> [Recorded information]:

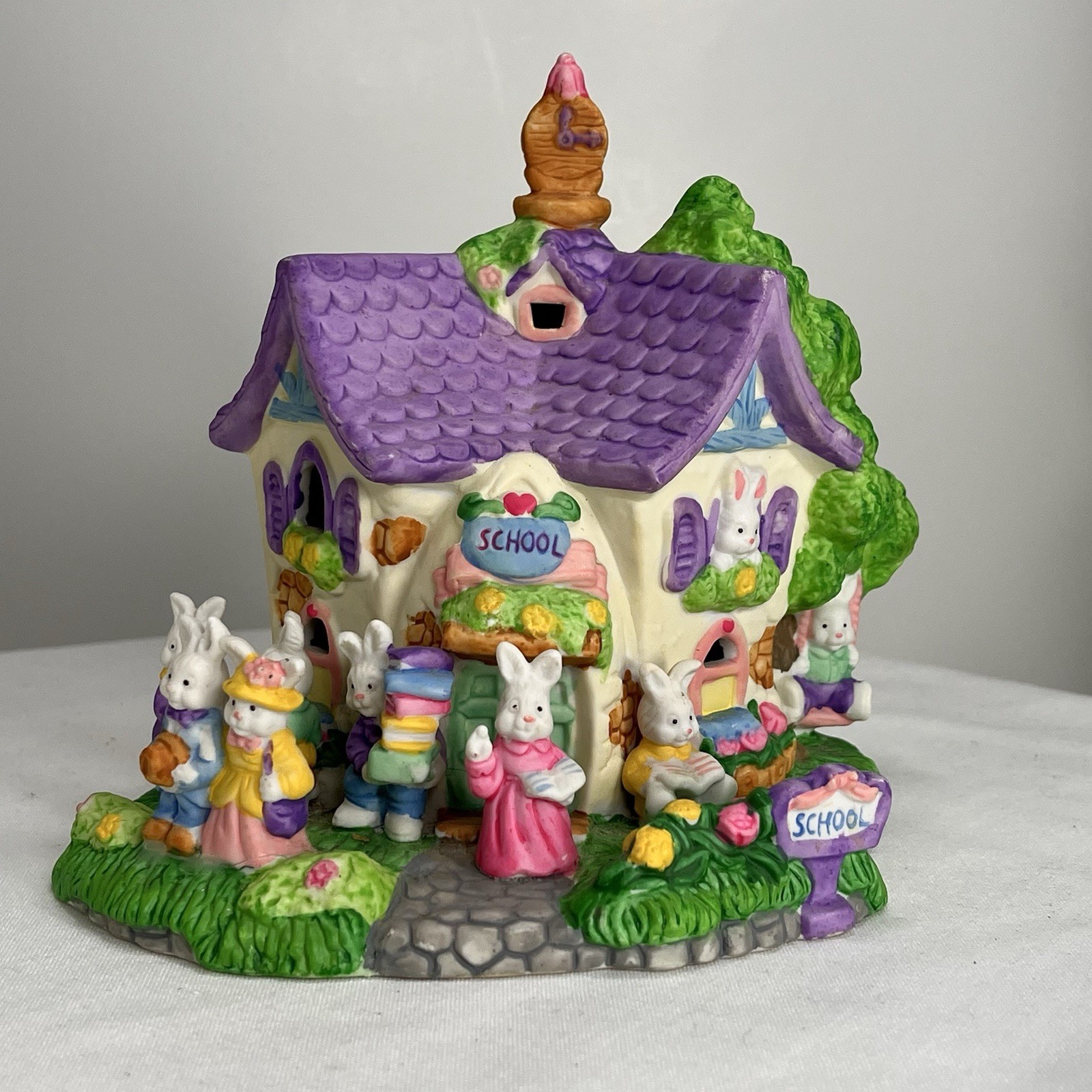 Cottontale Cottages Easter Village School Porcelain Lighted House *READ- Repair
...
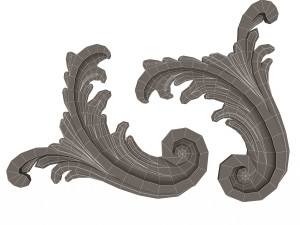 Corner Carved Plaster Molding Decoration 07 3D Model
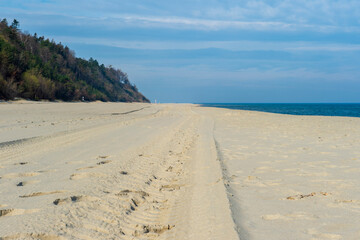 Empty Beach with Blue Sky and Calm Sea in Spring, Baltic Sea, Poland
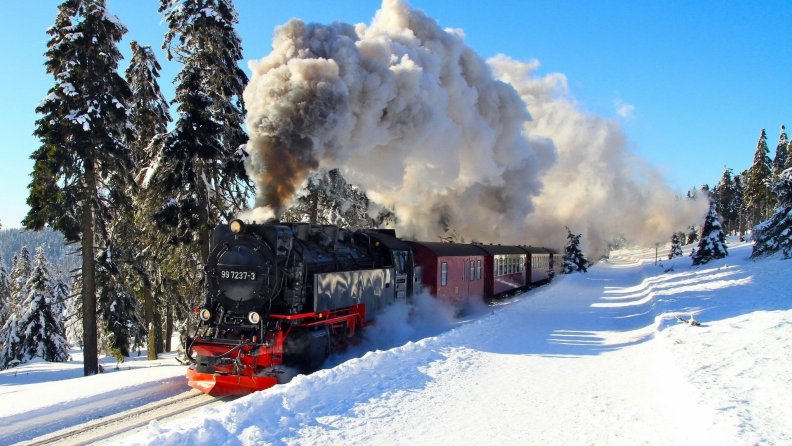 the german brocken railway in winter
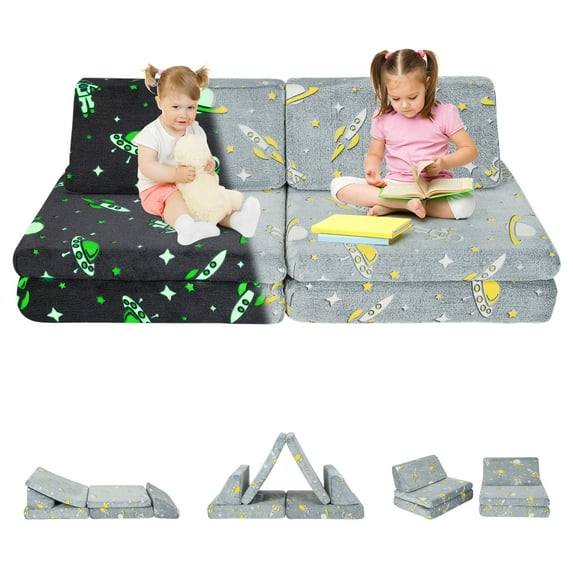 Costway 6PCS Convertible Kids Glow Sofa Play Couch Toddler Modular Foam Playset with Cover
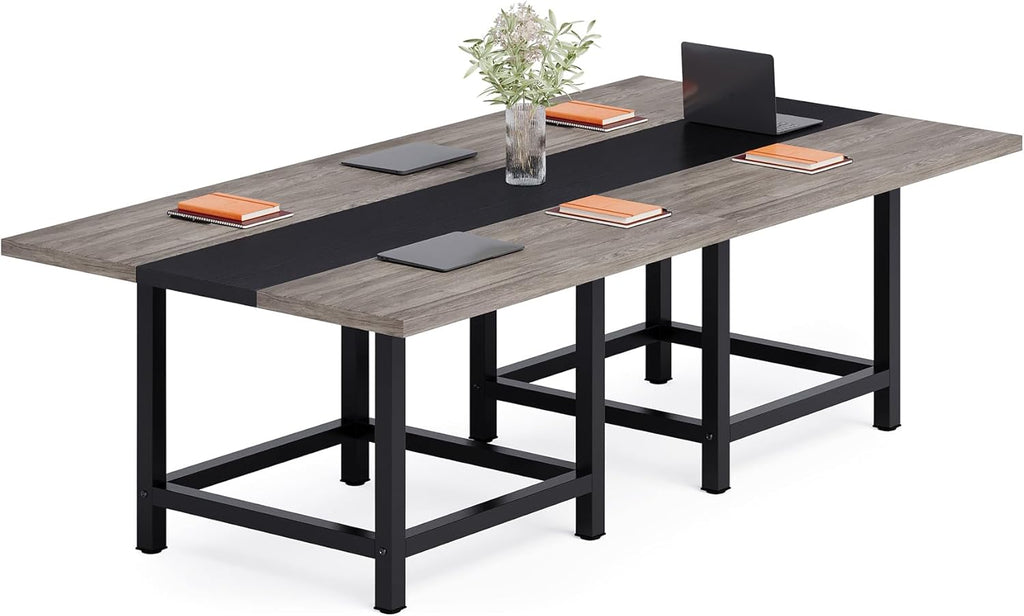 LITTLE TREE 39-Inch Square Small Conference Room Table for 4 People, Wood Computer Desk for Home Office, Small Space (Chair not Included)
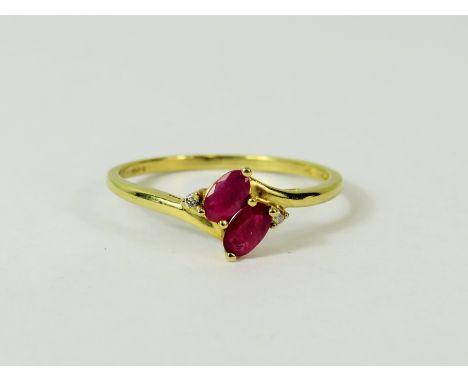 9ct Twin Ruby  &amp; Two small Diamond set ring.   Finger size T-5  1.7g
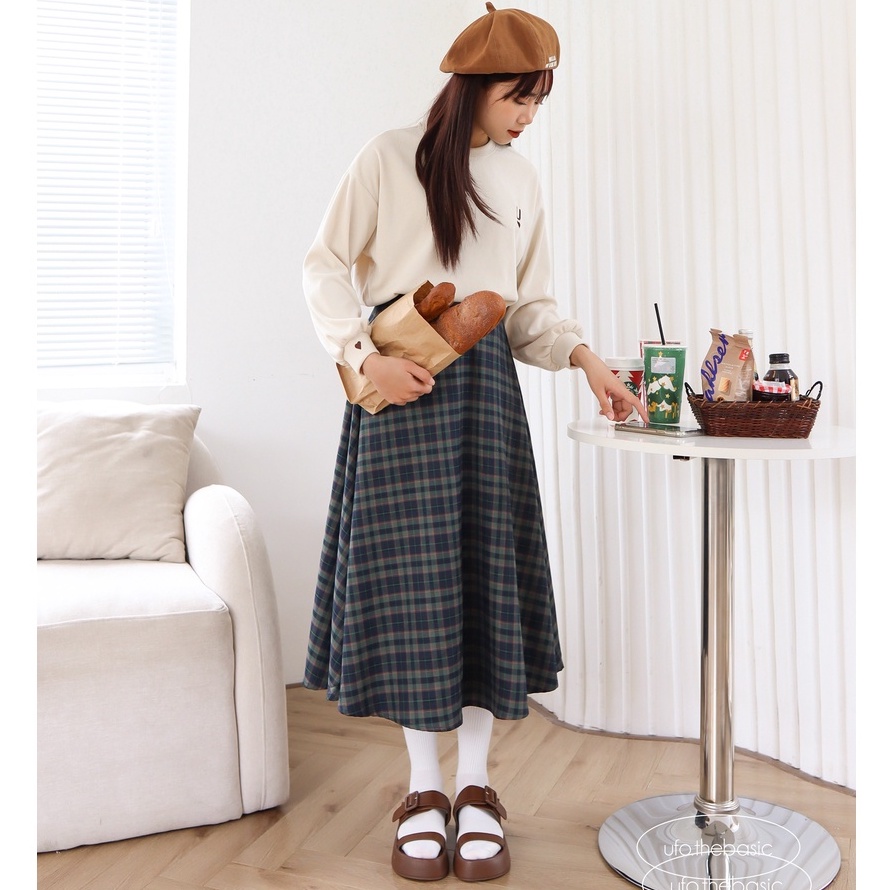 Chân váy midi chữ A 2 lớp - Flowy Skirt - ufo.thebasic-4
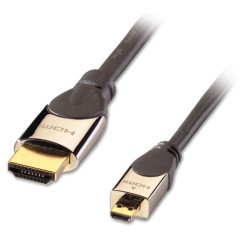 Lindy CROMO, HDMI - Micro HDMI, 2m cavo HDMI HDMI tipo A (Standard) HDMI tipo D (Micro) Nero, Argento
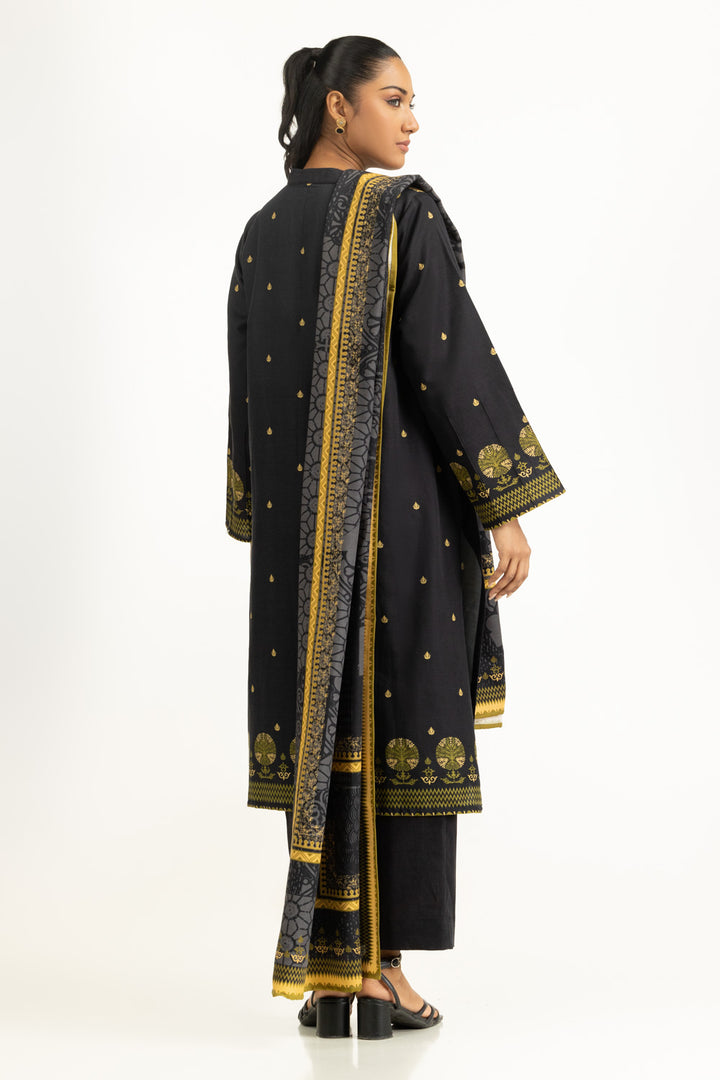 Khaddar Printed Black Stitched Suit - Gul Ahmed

> [What the task requires]:
Please copy out from the data above, without any picture, exactly the lines running from the one that holds "Corner Carved Plaster" through the one that holds "Khaddar Printed Black", and nothing beyond them.

> [Your response]:
 Corner Carved Plaster Molding Decoration 07 3D Model
 Empty Beach with Blue Sky and Calm Sea in Spring, Baltic Sea, Poland
 the german brocken railway in winter
 Costway 6PCS Convertible Kids Glow Sofa Play Couch Toddler Modular Foam Playset with Cover
 LITTLE TREE 39-Inch Square Small Conference Room Table for 4 People, Wood Computer Desk for Home Office, Small Space (Chair not Included)
 9ct Twin Ruby  &amp; Two small Diamond set ring.   Finger size T-5  1.7g
 Chân váy midi chữ A 2 lớp - Flowy Skirt - ufo.thebasic-4
 Lindy CROMO, HDMI - Micro HDMI, 2m cavo HDMI HDMI tipo A (Standard) HDMI tipo D (Micro) Nero, Argento
 Khaddar Printed Black Stitched Suit - Gul Ahmed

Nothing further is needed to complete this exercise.